Using this novel algorithm, it is possible to reduce the frame rate of DSA by as much as 75%, with a proportional reduction in radiation exposure, without degrading imaging quality.
• DSA delivers some of the highest doses of radiation to patients. • Frame rate reduction (FRR) was combined with bolus tracking to interpolate intermediate frames. • This technique provided a 75% FRR with preservation of diagnostic utility as graded by a formal reader study for cerebral angiography performed for the evaluation of cerebral vasospasm. • This approach can be applied to other types of angiography studies.

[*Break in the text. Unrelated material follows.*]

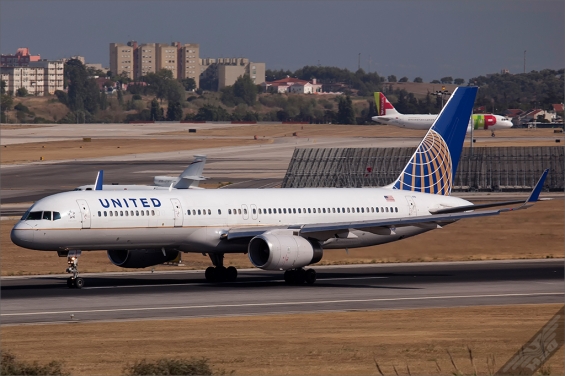 N14118-UAL-2012-07-24LPPT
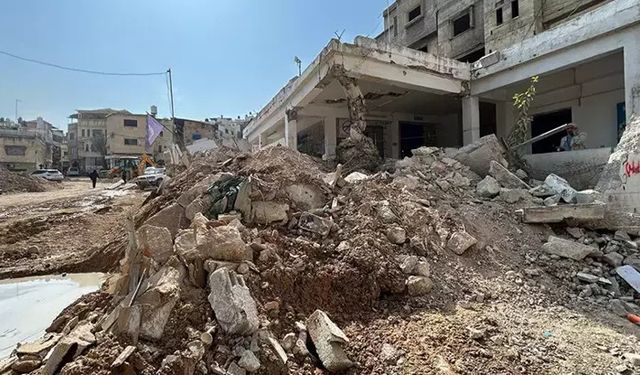 İsrail'in Gazze'de ateşkesten bu yana düzenlediği saldırılarda 386 kişi hayatını kaybetti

数字减影血管造影(DSA)会向患者输送累积剂量高的辐射。我们提出了一种低帧率血管造影的时间内插方法,以降低累积剂量。
回顾性识别接受蛛网膜下腔出血后脑血管痉挛介入评估和治疗的患者。选择包含术前和术后运行的 DSA,这些运行分别以至少 16 帧捕获全动脉、毛细血管和静脉相。对原始 DSA 进行帧率降低(FRR)至原始帧率的 50%、66%和 75%。通过对降低数据进行伽马变量模型(GVM)拟合来生成缺失的帧。进行正式的读者研究,以评估“合成”研究(sDSA)与原始 DSA 的诊断准确性。
38 项研究符合纳入标准(平均剂量 1361.9 mGy)。7 项因视图、放大倍数或运动不同而被排除。拟合 50%、66%和 75% FRR 研究的 GVM 显示,前后投影的平均体素误差分别为 2.0±2.5%(平均值±标准差)、6.5±1.5%和 27±2%,侧位投影分别为 2.0±2.2%、15.0±3.1%和 14.8±13.0%。重建需要 0.51 秒/研究。读者研究表明,75% FRR 的平均评分为 12.8(95%CI 12.3-13.3),66% FRR 的平均评分为 12.7(12.2-13.2),50% FRR 的平均评分为 12.0(11.5-12.5),使用主观图像分级量表。肯德尔协调系数导致 W=0.506。
75%的 FRR 结合 GVM 重建不会影响脑血管评估的诊断质量。
使用这种新算法,有可能将 DSA 的帧率降低 75%,同时相应降低辐射暴露,而不会降低成像质量。
• DSA 向患者输送一些最高剂量的辐射。• 帧速率降低(FRR)与团注追踪相结合,以插补中间帧。• 这项技术提供了 75%的 FRR,正式读者研究认为,用于评估脑血管痉挛的脑动脉造影的诊断效用得以保留。• 这种方法可应用于其他类型的血管造影研究。